Leave out the pictures and retype all the entries below exactly.

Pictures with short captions

######

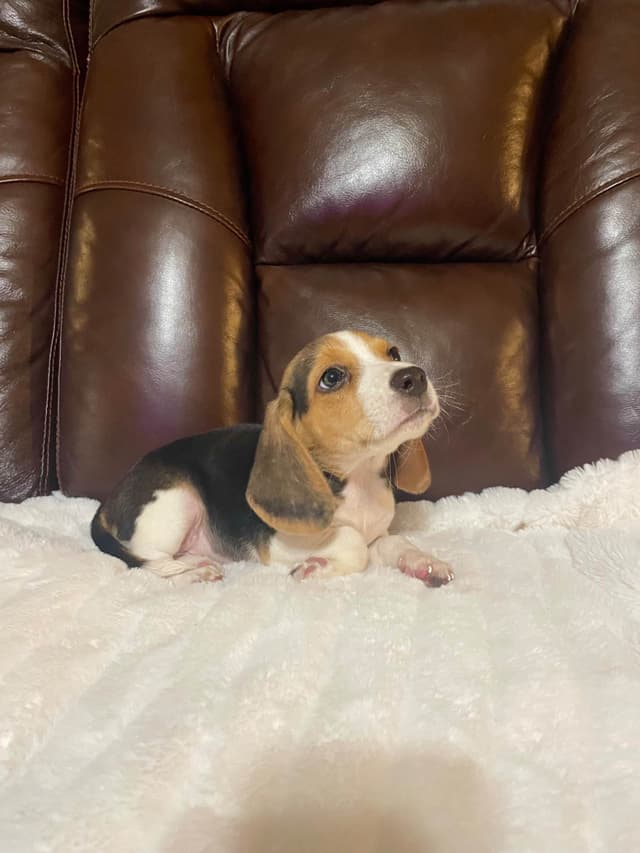 Beagle Puppies media 2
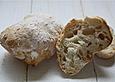 Ciabatta-Br&ouml;tchen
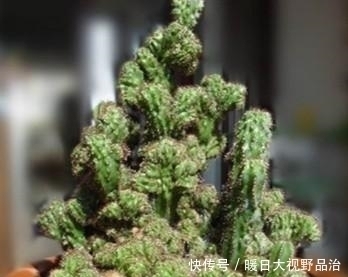 这种多肉植物不能太“小心”伺候，否则肉质茎容易腐烂哦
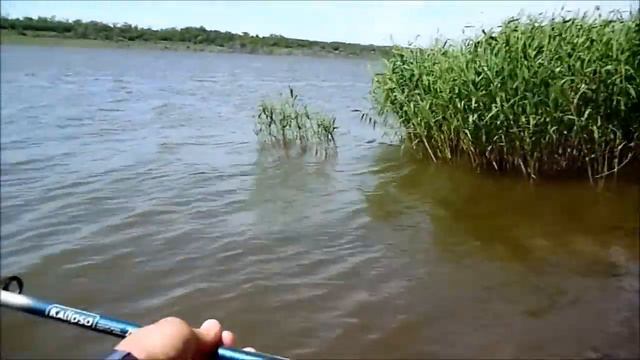 Рыбалка на Самодур из прошлого 2016 год. Одно из первых моих видео на Ютуб, как всё начиналось...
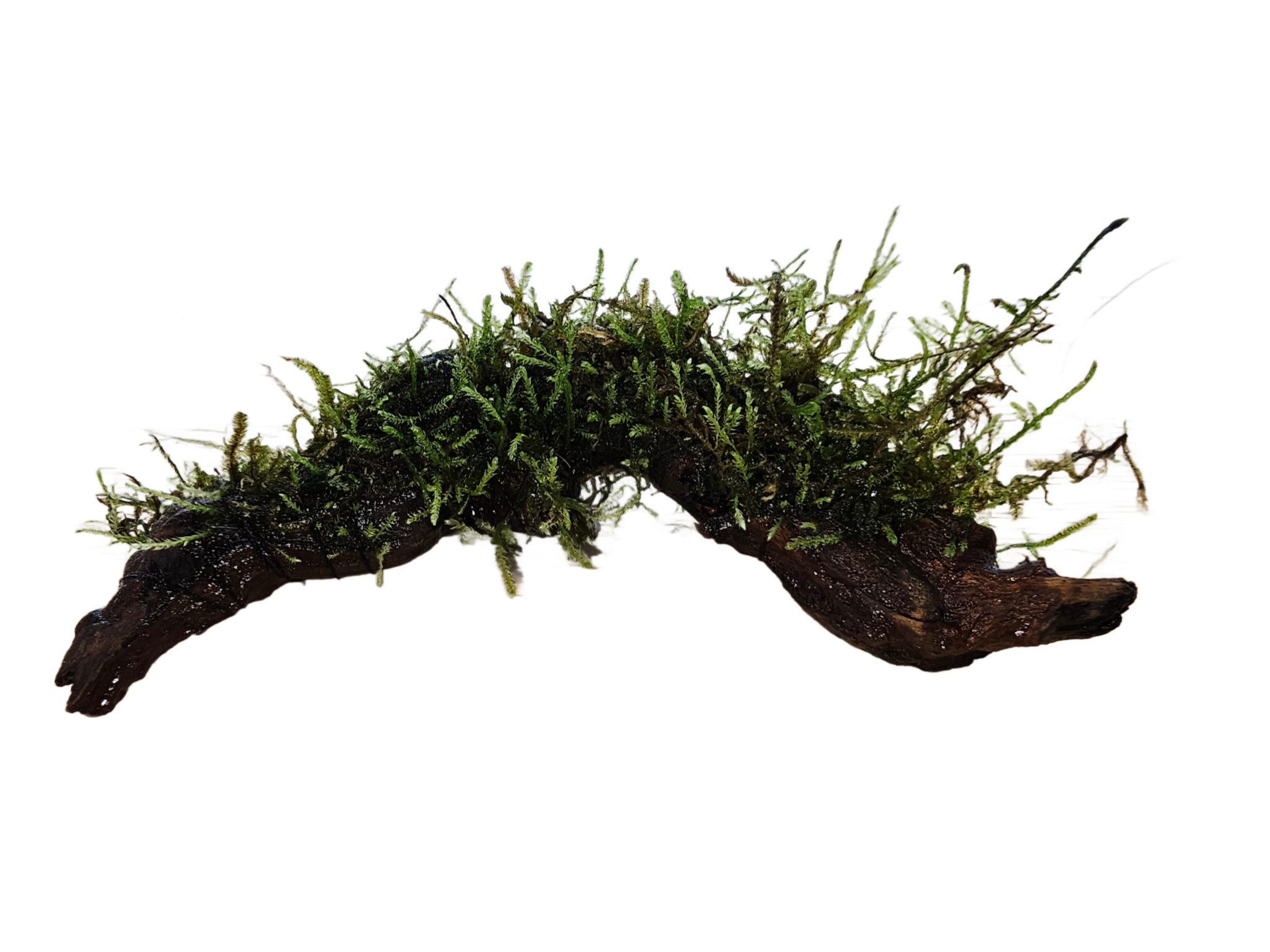 Moss On DriftWood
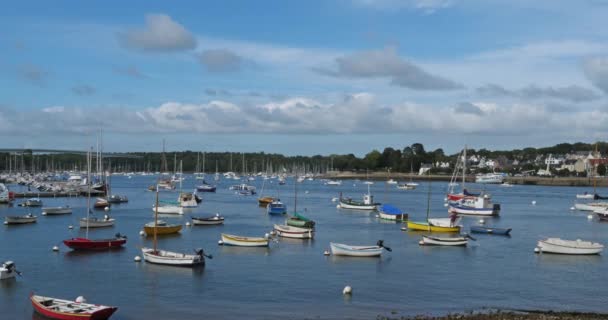 Combrit Harbour Finistere Brittany France Foreground Traditional Harbour Combrit Background — Stock Video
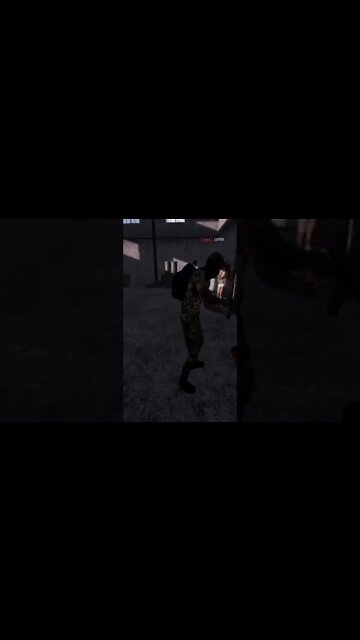 DISARRAY - APARECEU UM INTRUSO - DAYZ MOBILE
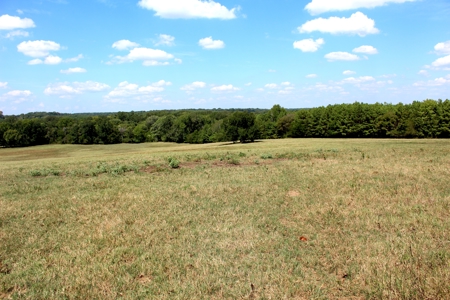 118-Acre Horse & Cattle Ranch for Sale in Henderson, Texas - image 6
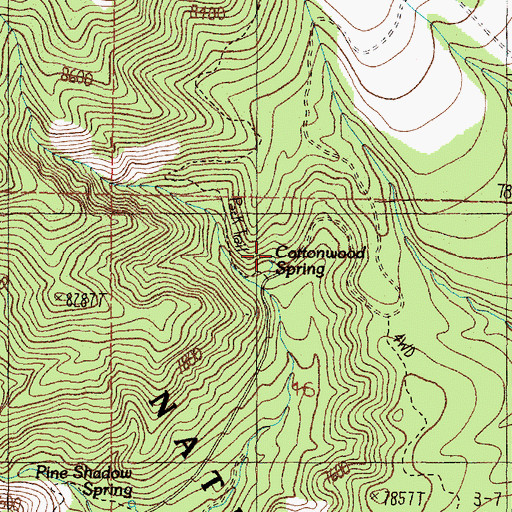 Topographic Map of Cottonwood Spring, NM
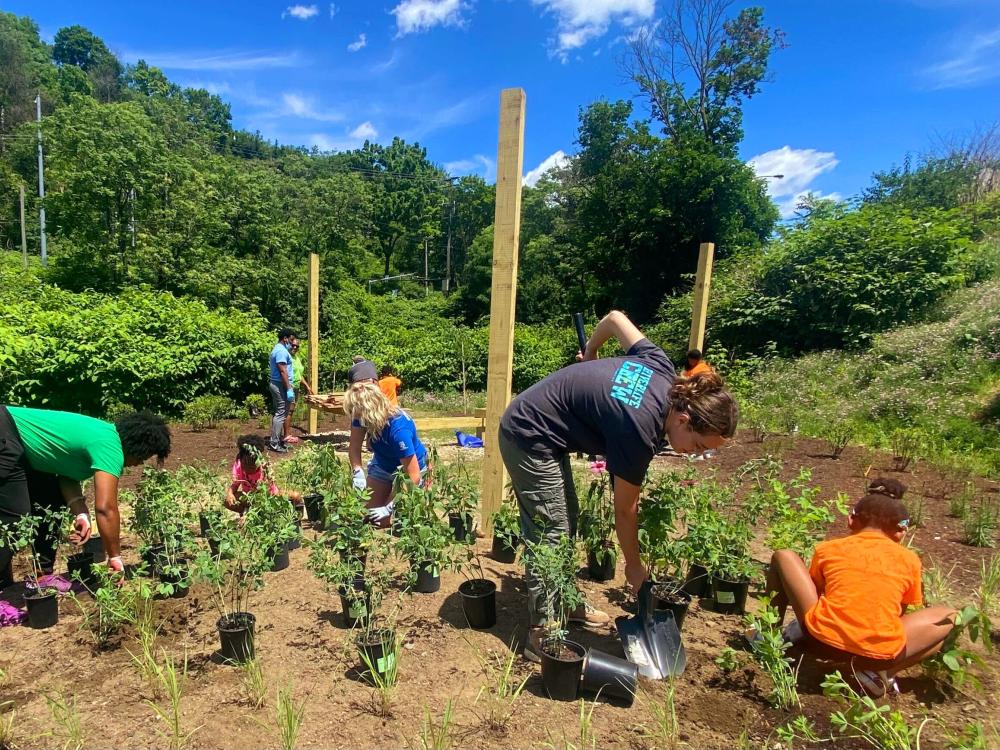 Adults and children working in a garden on a sunny day.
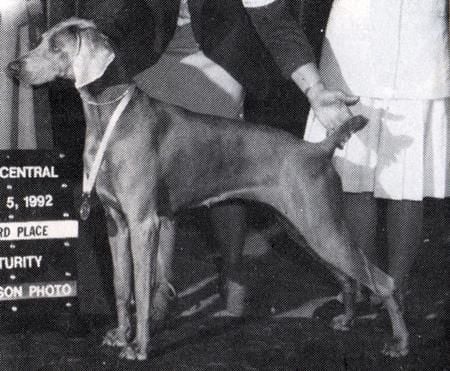 TR. CH. Chip woodspur's blue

######

Response area
 Beagle Puppies media 2
 Ciabatta-Br&ouml;tchen
 这种多肉植物不能太“小心”伺候，否则肉质茎容易腐烂哦
 Рыбалка на Самодур из прошлого 2016 год. Одно из первых моих видео на Ютуб, как всё начиналось...
 Moss On DriftWood
 Combrit Harbour Finistere Brittany France Foreground Traditional Harbour Combrit Background — Stock Video
 DISARRAY - APARECEU UM INTRUSO - DAYZ MOBILE
 118-Acre Horse & Cattle Ranch for Sale in Henderson, Texas - image 6
 Topographic Map of Cottonwood Spring, NM
 Adults and children working in a garden on a sunny day.
 TR. CH. Chip woodspur's blue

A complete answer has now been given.